In the 1870’s, Georgiana Houghton, a London medium, produced a curious series of photographs of spiritual phenomena. She was one of a legion of dedicated spiritual disciples who used photography to prove the existence of a visibly evident spirit world. Houghton used her pictures (the pictures were actually a collaboration with photographer, Fredrick Hudson, Holloway Road, London) to illustrate a world peopled with dead relatives and other ghostly beings. Miss Houghton created the photographs for her 1881 book, “Chronicles of Spirit Photography.” The book’s detailed-text, along with the accompanying spirit photographs, was the evidence presented by Houghton to substantiate the authenticity of her gifts as a medium.

The images on exhibit are 1870’s sepia tone albumen process photographs made by Houghton with the original notations recording the séance and various apparitions present. Houghton’s carefully crafted genre scenes depict the romanticized obsession with death and the afterlife in 19th-century Victorian England.

Houghton’s pictures demonstrate the conflict between the artful and the notion of truth inherent in photography, an art form heralded as “the truthful art” from its very beginning.

“Shadows”: An Exhibition by Marvin E. Newman
September 20 – November 14, 2002

In 1951 Marvin E. Newman produced a marvelous series of photographs of the shadows of pedestrians strolling the pavements of downtown Chicago. Newman’s camera captured the mercurial shadows, with every nuance of their fleeting presence a study in gesture and posture. These striking images were printed to maximum contrast and are displayed reverse-side up making the shadows come alive. The range of images includes such subjects as the postman, boy leaning on sign, woman gossiping, as well as lyrical figural patterns.

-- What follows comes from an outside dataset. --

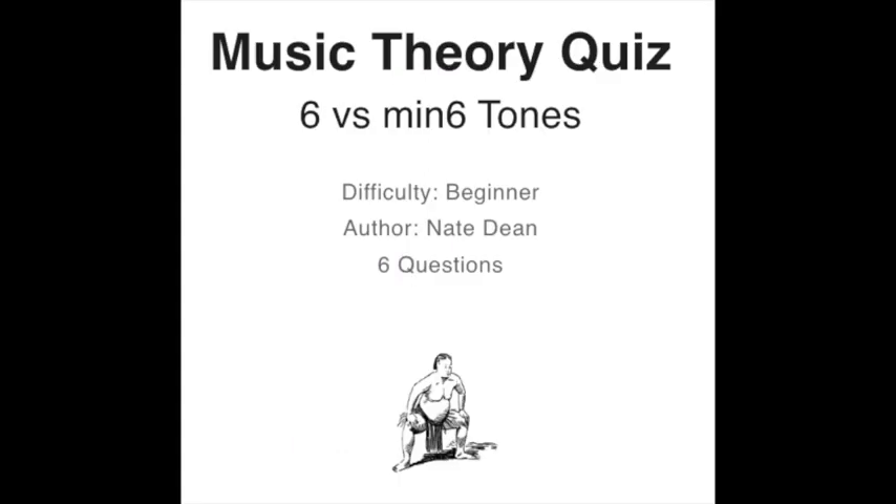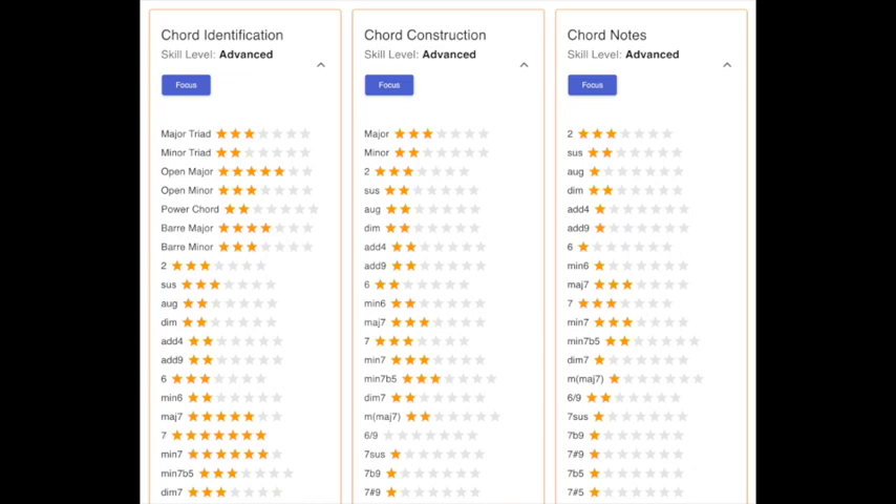Try this lesson and quiz today at guitarthinker.com. Earn the badge and build your skill graph.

Newman’s experiments with shadow pictures were first presented in this artist’s master thesis at the Institute of Design in Chicago. His photographs blend the cool graphics of a Bauhaus photograph with street photography, a perfect amalgam for a student of what is now referred to as the New Bauhaus. In 1953 Museum of Modern Art curator, Edward Steichen, selected Newman’s Shadow photographs for a 1953 MOMA exhibition of promising young photographic talent entitled: “Always the Young Stranger.” Newman’s Shadows are currently on view in two important Museum exhibitions: “Visions from America”, through September 22, 2002 at the Whitney Museum of American Art in New York and “Taken by Design, Photographs From The Institute of Design, 1933-1971”, through October 20, 2002 at The San Francisco Museum of Modern Art.